Сегодняшний мир переживает торжество политики постмодернизма, то есть того типа мышления, который четверть века господствует в умах просвещенной интеллигенции. Мир (напуганный директивами двадцатого века) страстно захотел искусства без определенных критериев, философии деструкции, утверждения, которое не значит ничего конкретного. Мир захотел тотальной иронии, он захотел посмеяться над собой — и посмеялся. Правда, разница между политиками и интеллектуалами заключалась в том, что последние полагали иронию и рефлексию самоцелью; политики же знали, что подлинная цель совсем-совсем иная. Целью — совершенно внятной, явной и осознанной целью — была организация нового мирового порядка; для осуществления этой цели в первую очередь следовало использовать искусство — как самый подходящий инструмент для формирования сознания.

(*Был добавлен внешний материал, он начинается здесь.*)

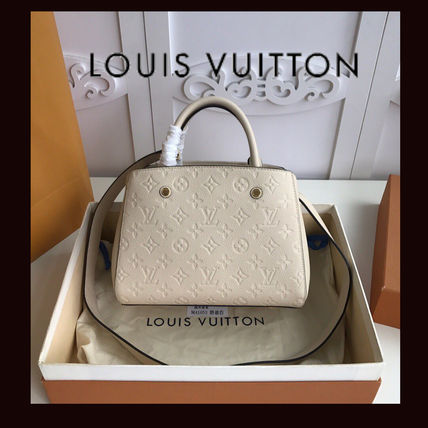 Louis Vuitton MONTAIGNE 2017 18AW Montaigne Bb M42747 M44607 M41053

В сущности, то, что произошло в последнюю четверть века в искусстве, а затем и в политике, является операцией, сходной с банковской эмиссией. Чтобы понизить значение основных акций, следует дополнительно выпустить еще тысячи акций, и тогда они упадут в цене. Вторая книга «Илиады», содержащая список кораблей и полководцев, — лучшая иллюстрация подобной политики: когда собираешь в поход огромное количество мелких царей, мнением одного, кем бы он ни был, можно пренебречь — война все равно начнется. Так поступал Цезарь, расширяя сенат и глуша голоса своих противников хором славословий; так делал Сталин, вводя новых членов в политбюро, чтобы простым голосованием уничтожить Бухарина с Троцким. Так произошло сегодня с Европейским союзом, когда вновь избранные члены расширили понятие Европы до бессмысленных пределов — и утопили голоса Франции и Германии в хоре верноподданных славянских народов, рвущихся к так называемой буржуазной цивилизации.